The dessert chain with 25 sites fell into administration earlier this month and has closed two cafes in the UK
The dessert chain Crêpeaffaire has been sold in a deal which sees 66 of its 83 jobs saved.
The business, which has sites in the UK, Kuwait, Netherlands and Saudi Arabia, was sold on 14 January in a pre-pack administration.
Business advisory firm Quantuma oversaw the sale which resulted in Crepe Trading and Crepe Union buying the business for £149,000, according to documents on Companies House.
Crêpeaffaire directors Allen Kerslake and Daniel Spinach are also the directors and shareholders of Crepe Trading and Crepe Union.
Seven of Crêpeaffaire’s nine owned sites were sold to Crepe Trading.
Crêpeaffaire has since closed two sites in Chester and Westfield shopping centre in London.
As part of the deal, the franchise side of the business was sold separately to Crepe Union.
Quantuma managing director and joint administrator Brian Burke said: “I am delighted to have achieved such a positive outcome for this well-established brand, ultimately preserving 66 jobs and its international footprint, with no disruption to ongoing operations. We look forward to seeing Crêpeaffaire achieve success in its next chapter.”
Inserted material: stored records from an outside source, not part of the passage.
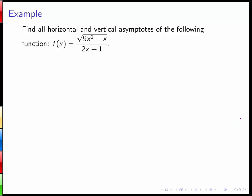We want to look at the following problem, where we want to find all horizontal and vertical asymptotes of a given function. Our function is f(x) equals the square root of 9x squared minus x, all over 2x plus 1.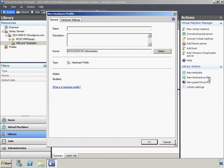Woodgrove Bank wants to create a hardware profile to use when creating new virtual machines. A hardware profile is a collection of hardware settings that can be imported into a new virtual machine or a new virtual machine template. By using hardware profiles, Woodgrove Bank can ensure consistent hardware settings in virtual machines. In addition to memory and CPU configurations, a hardware profile can specify virtual network adapters, DVDs, and floppy disk drives. This hardware profile will be used for file servers.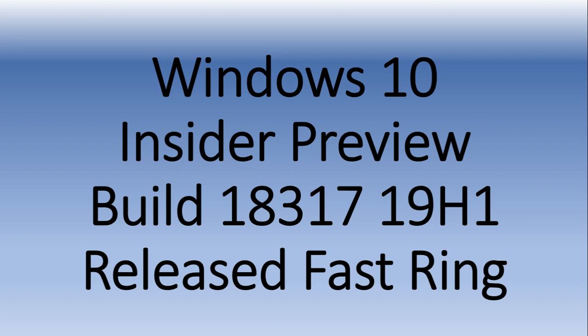So it was released just a couple of minutes ago. Windows 10 Insider Preview Build 18317 for 19H1 released to the fast ring.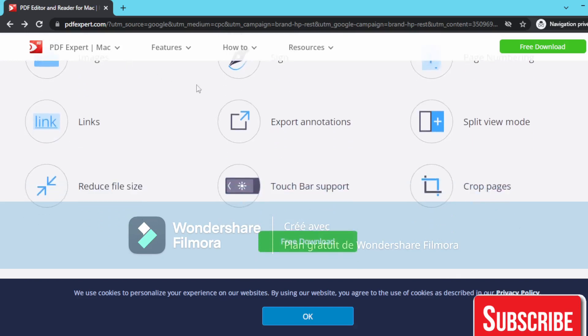Thank you for watching today's video about how to set up PDF Expert correctly and easily. Thank you for your time, and see you in the next video.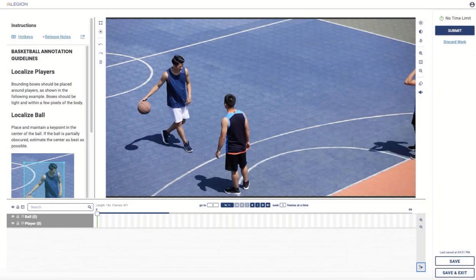In this brief tutorial, we're going to take a look at the fundamentals of annotating video in Allegiant Control.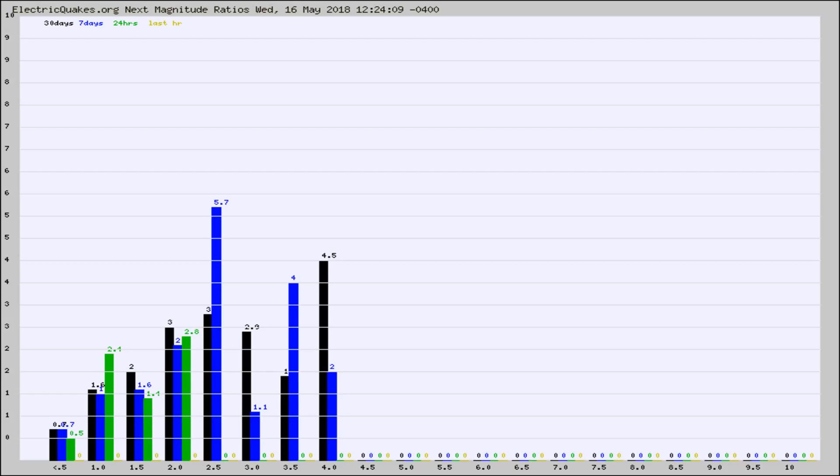Again, the black column is 30 days, blue is 7, green is 24 hours, and gold is in the last hour.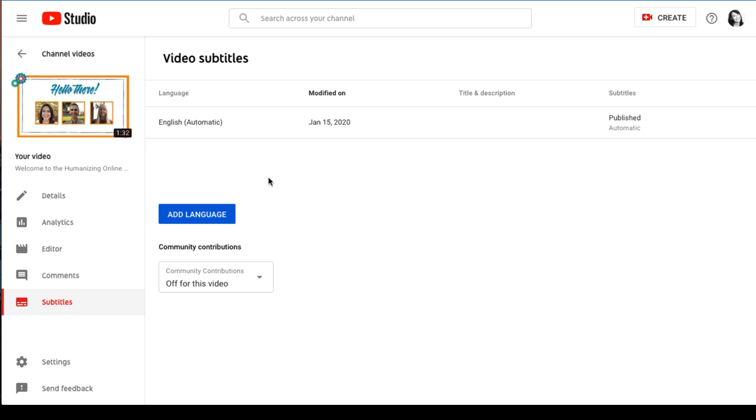On the video subtitles page, you'll see the words 'English' (assuming your video is set to English by default) and 'Automatic' in parentheses. That means the auto captions have been enabled for that video.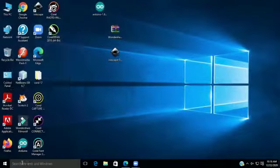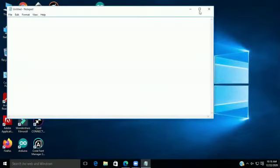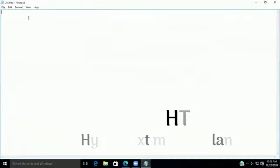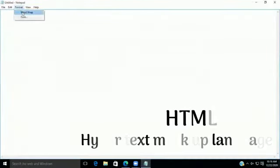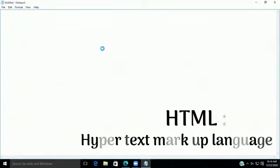Hello everyone, my name is Josh Araswat and I am from Crash Movers 2A. Today, I am going to tell you about HTML.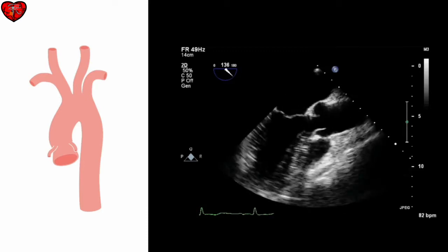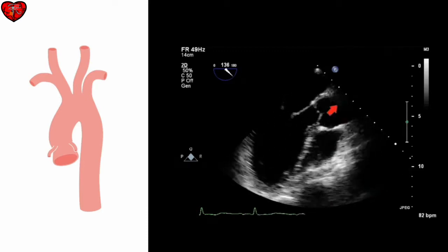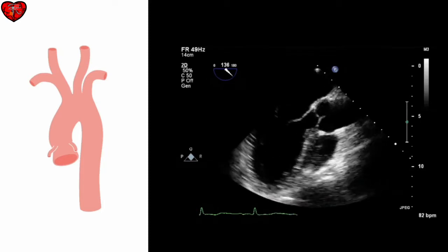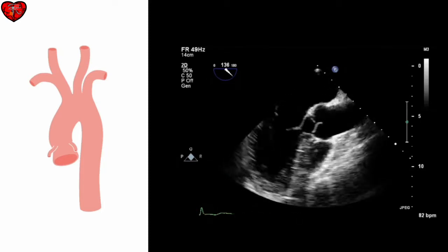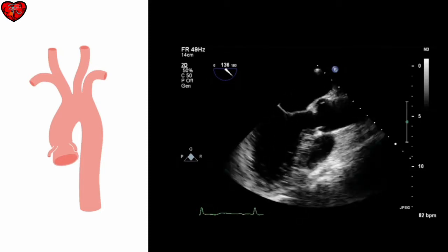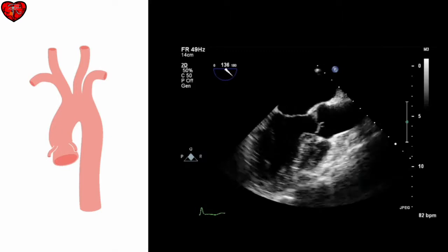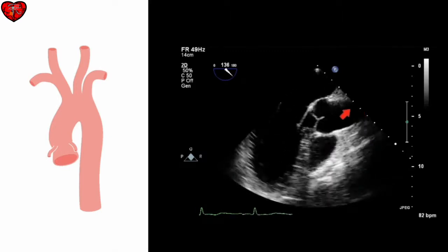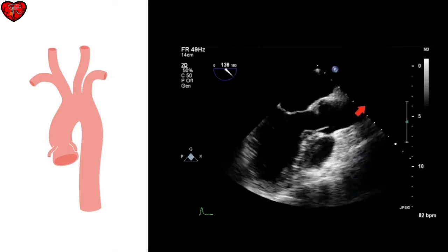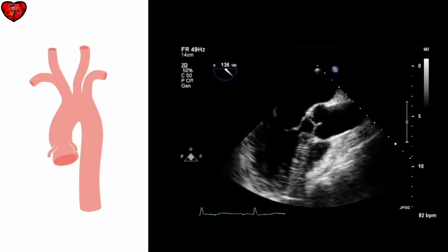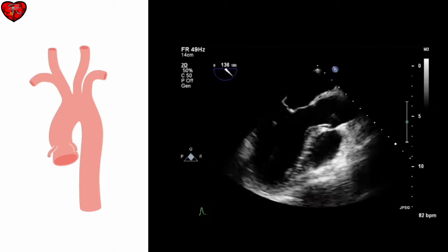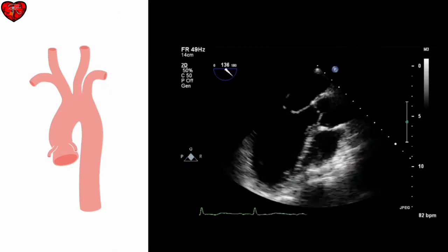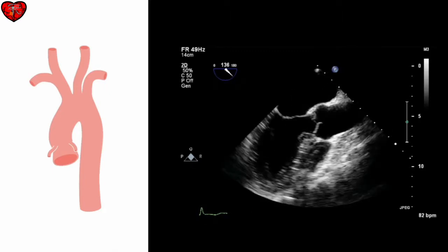As with all of the thoracic aorta, we should look carefully at the anatomy, looking for any areas of dilatation, but also any areas of atheroma and any signs of aortic dissection. We'd be looking for a mobile dissection flap in the lumen of the aorta. The use of colour Doppler can be helpful in assessing flow, particularly when a dissection is suspected.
The business, which first opened in 2004, had been impacted by increased operating costs and inflationary pressure.
“This, coupled with historic debt levels, meant that securing new/replacement funding and investment was not possible”, said the administration documents.
In the statement of administrator’s proposal, the chain reported a loss of £158,500 for the year to 31 December 2023. Heavy losses continued into 2024 with projections for 2025 all set to being loss making.
The report states creditors (amounts falling due within one year) amounted to over £1.5m and a Coronavirus Business Interruption Loan of £720,000 was also taken out in 2020.